### Problem details
Report the number of lines in the records below that contain the word "kitchen", and nothing more.

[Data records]
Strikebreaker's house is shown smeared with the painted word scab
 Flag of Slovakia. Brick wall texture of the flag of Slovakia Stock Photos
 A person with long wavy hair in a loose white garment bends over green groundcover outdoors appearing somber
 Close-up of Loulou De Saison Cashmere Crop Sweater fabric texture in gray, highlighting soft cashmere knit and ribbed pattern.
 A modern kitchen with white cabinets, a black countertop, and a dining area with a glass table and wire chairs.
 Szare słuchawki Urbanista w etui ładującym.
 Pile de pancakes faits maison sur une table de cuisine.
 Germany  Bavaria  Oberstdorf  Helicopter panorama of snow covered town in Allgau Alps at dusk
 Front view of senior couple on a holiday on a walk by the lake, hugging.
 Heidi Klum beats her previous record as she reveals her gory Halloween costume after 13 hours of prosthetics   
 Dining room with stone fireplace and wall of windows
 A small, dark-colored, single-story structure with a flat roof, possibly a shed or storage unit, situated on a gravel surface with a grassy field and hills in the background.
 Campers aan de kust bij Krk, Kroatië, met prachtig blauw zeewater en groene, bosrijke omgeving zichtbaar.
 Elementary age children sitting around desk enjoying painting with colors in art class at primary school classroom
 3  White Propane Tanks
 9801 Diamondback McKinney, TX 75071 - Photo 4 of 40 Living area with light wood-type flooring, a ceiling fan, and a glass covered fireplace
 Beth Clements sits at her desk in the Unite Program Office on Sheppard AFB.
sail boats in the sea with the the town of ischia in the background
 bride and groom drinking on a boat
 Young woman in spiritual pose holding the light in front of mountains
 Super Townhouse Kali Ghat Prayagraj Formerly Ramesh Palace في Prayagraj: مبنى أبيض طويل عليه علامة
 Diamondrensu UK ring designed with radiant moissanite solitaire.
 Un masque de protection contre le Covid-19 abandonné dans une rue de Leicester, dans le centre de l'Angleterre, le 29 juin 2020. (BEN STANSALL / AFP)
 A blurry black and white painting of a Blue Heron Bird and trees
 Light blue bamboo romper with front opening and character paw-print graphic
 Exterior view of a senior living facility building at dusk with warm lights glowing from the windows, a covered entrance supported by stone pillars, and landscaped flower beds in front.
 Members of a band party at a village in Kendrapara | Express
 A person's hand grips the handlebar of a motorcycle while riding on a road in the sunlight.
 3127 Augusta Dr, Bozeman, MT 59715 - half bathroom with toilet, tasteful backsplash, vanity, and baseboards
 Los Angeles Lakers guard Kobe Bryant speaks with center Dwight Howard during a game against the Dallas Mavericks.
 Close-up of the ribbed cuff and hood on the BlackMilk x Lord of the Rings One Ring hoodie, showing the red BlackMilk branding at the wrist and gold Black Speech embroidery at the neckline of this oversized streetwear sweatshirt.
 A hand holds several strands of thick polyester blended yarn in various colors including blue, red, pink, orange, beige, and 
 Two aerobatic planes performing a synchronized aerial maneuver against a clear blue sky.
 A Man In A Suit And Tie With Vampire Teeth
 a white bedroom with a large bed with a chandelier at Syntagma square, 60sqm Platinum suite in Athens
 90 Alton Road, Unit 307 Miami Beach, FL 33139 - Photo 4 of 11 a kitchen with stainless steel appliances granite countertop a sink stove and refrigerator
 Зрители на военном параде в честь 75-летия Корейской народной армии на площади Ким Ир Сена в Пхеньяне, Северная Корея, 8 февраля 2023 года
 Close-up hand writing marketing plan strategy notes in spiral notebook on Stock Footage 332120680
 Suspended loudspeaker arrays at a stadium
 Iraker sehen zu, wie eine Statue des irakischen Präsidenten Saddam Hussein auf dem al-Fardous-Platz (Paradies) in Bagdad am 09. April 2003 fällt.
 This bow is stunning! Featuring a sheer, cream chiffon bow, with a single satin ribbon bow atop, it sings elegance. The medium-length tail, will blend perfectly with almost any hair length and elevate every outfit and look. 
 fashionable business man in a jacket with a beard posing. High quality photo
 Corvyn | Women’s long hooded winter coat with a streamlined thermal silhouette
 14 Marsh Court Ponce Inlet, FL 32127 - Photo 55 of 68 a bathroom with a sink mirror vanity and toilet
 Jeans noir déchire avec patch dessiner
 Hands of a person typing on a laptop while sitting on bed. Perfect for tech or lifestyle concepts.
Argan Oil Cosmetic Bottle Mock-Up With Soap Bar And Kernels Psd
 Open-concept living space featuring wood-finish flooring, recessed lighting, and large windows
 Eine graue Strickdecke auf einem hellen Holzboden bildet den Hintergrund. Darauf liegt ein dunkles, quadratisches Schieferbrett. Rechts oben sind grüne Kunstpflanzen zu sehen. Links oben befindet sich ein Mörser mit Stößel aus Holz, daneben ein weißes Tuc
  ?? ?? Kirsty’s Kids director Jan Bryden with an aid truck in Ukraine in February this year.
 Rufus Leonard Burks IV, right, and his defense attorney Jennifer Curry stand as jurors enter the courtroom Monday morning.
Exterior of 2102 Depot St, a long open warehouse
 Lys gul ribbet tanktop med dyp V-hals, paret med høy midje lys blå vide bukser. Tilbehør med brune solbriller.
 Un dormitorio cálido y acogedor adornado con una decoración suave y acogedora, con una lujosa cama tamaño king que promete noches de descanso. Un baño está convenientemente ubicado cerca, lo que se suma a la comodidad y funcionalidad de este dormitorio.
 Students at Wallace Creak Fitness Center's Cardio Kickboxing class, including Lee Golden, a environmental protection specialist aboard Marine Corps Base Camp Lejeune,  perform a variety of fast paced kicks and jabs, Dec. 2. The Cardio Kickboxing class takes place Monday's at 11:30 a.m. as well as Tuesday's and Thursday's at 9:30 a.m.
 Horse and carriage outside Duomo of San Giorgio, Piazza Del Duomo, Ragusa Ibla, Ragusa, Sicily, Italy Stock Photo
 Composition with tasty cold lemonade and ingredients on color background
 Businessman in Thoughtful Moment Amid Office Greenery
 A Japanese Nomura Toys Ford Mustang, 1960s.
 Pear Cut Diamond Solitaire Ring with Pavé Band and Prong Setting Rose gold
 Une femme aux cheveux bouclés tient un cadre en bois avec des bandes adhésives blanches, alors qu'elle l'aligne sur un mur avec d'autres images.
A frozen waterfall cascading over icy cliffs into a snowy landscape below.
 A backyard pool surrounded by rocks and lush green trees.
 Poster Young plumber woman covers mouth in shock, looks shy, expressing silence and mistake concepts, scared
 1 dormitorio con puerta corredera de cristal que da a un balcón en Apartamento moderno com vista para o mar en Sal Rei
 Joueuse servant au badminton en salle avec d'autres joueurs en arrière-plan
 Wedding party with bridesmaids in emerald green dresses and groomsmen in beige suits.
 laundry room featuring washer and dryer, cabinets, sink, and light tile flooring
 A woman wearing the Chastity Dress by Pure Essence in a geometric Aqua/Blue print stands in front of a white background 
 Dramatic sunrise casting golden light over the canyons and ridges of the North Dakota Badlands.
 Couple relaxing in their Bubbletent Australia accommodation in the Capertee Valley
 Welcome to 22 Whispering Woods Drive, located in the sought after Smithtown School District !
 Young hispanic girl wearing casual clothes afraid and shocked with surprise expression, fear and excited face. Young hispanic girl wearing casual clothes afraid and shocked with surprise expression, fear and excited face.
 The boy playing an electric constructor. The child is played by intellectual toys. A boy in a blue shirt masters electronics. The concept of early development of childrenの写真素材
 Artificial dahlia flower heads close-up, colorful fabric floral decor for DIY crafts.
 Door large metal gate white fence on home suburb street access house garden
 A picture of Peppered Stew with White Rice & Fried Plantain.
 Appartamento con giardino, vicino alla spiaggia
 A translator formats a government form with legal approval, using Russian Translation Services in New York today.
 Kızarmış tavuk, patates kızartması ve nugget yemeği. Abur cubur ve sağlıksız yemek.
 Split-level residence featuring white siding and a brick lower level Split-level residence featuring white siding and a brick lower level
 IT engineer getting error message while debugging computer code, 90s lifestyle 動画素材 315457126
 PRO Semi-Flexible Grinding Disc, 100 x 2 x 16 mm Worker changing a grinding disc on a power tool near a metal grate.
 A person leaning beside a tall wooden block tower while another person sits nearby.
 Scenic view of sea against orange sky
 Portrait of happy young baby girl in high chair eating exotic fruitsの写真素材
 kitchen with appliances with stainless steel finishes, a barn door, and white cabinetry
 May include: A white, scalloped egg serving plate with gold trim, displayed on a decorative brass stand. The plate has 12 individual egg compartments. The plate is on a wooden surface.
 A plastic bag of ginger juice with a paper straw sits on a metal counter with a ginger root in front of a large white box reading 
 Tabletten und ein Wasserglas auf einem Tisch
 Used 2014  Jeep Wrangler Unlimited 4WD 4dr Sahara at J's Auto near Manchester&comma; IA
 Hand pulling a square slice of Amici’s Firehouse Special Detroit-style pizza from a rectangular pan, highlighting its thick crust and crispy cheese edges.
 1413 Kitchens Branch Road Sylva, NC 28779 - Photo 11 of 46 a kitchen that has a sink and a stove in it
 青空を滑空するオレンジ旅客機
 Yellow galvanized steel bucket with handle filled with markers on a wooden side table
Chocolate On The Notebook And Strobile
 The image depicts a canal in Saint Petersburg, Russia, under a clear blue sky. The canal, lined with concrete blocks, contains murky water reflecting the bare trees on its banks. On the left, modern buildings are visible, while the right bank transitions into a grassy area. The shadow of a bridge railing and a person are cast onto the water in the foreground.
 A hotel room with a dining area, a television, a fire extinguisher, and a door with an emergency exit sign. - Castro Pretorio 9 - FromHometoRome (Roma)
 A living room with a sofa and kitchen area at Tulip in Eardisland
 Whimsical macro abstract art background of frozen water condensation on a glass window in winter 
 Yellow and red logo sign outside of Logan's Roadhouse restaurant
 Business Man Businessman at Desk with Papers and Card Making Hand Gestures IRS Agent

### Exercise response
5